CULTURA

Cronache semiserie dalla provincia lombarda

ROSSANO ASTREMO italia

Come avviene nei suoi romanzi più noti, tutti rigorosamente ambientati a Bellano, grazie al successo dei quali viene considerato tra degli scrittori italiani più amati dal grande pubblico, Andrea Vitali, in questa sua recente opera dal titolo "Sono mancato agli affetti dei miei cari" (Einaudi Stile Libero, pp. 176, euro 15,20), si fa arguto cantore dei vizi e delle virtù della provincia lombarda.
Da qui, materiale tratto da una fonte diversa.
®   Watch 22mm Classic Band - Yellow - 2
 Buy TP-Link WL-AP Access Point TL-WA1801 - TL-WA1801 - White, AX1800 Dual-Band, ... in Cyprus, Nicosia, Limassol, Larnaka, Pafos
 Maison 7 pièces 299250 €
Il romanzo di Vitali ha come protagonista un uomo di mezza età, proprietario di una avviata ferramenta che, in prima persona e con un tono da commedia leggera che sovente strappa una risata ai lettori, racconta uno squarcio della sua esistenza, tra gli anni ’60 e gli ’80 del secolo scorso, ruotando in maniera ossessiva su vicende relative al suo lavoro, al suo tribolato rapporto con la moglie e al suo ruolo di padre di tre giovani figli. Questi ultimi sono per l’io narrante fonte di costanti problemi e paturnie notturne. A partire dalla primogenita, Alice, la quale fin dalla sua nascita è stata fonte di dispiaceri per l’uomo: «Alice, la prima figlia, era stata una disgrazia di per sé. Voglio dire averla avuta per prima e, a tempo debito, non poterla mettere a lavorare in ferramenta. Cioè, avrei potuto. Ma una donna in una ferramenta, secondo me, non faceva una bella figura».
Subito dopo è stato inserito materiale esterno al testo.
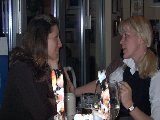 Weihnachtsfeier 2003 - Bild 08 (jpg, 63kB)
ESPRESSIONE del pensiero comune dell’epoca e di un certo patriarcato introiettato, per l’uomo l’idea che la figlia possa mettere piede nel suo negozio è fuori discussione, così come non è ipotizzabile che la ragazza, dopo il diploma magistrale, possa frequentare l’Università. I piani del padre sono altri, il futuro di Alice è presto detto: dovrà sposare un ragazzo con la testa sulle spalle e con un buon lavoro. Però il matrimonio con Anselmo, ragazzo che lo stesso padre fa conoscere ad Alice, non sembra seguire la strada da lui auspicata. A lavorare con lui nella ferramenta è il secondogenito, Alberto, che non ha voglia di studiare e che, quindi, ha poche speranze di riuscire a sottrarsi alle responsabilità che il padre gli addossa: «Una testa di cazzo. Lo dicono che a volte i maschi giovani sono così. L’esatto contrario della maestrina che intanto aveva il pancione. Voglia di studiare, niente. Voglia di lavorare, ancora meno. Voglia di fare l’asino, fin troppa».
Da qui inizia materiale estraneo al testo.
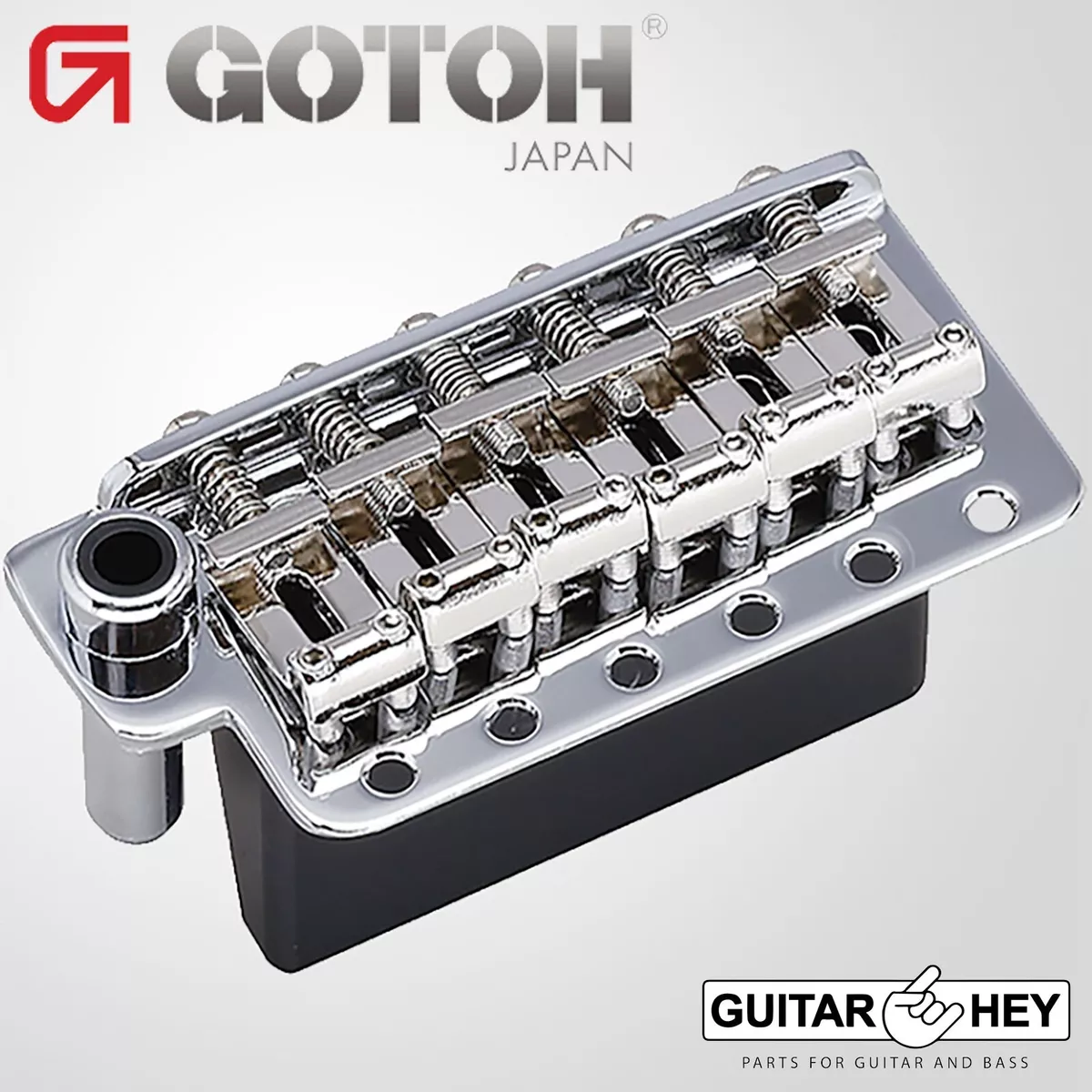 Gotoh tremolo bridge deals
ALBERTO PERÒ è giovane e vuole divertirsi e in una delle sue scorribande notturne conosce una bellissima ragazza che metterà in crisi i suoi piani per il futuro. Infine c’è il più piccolo dei tre figli, Ercolino, con la testa sempre immersa nei libri, con il quale suo padre non riesce a comunicare perché la loro visione della vita si fonda su principi opposti: «Tutto casa e scuola e libri: la gioventù buttata via così». Ercolino si iscrive a Filosofia e dopo gli studi, invece di dedicarsi alla ricerca universitaria, entra a far parte di una comunità hippy alla ricerca di una felicità lontana dalla routine imposta dal «sistema». Insomma, per l’io narrante i suoi figli sono portatori di costanti disastri e delusioni.
È un romanzo che conferma le grandi qualità narrative di Vitali e che ci rivela uno spaccato della società italiana dell’epoca, con i padri che all’interno delle mura domestiche facevano valere la loro legge e la loro autorità spesso però senza sortire gli esiti sperati.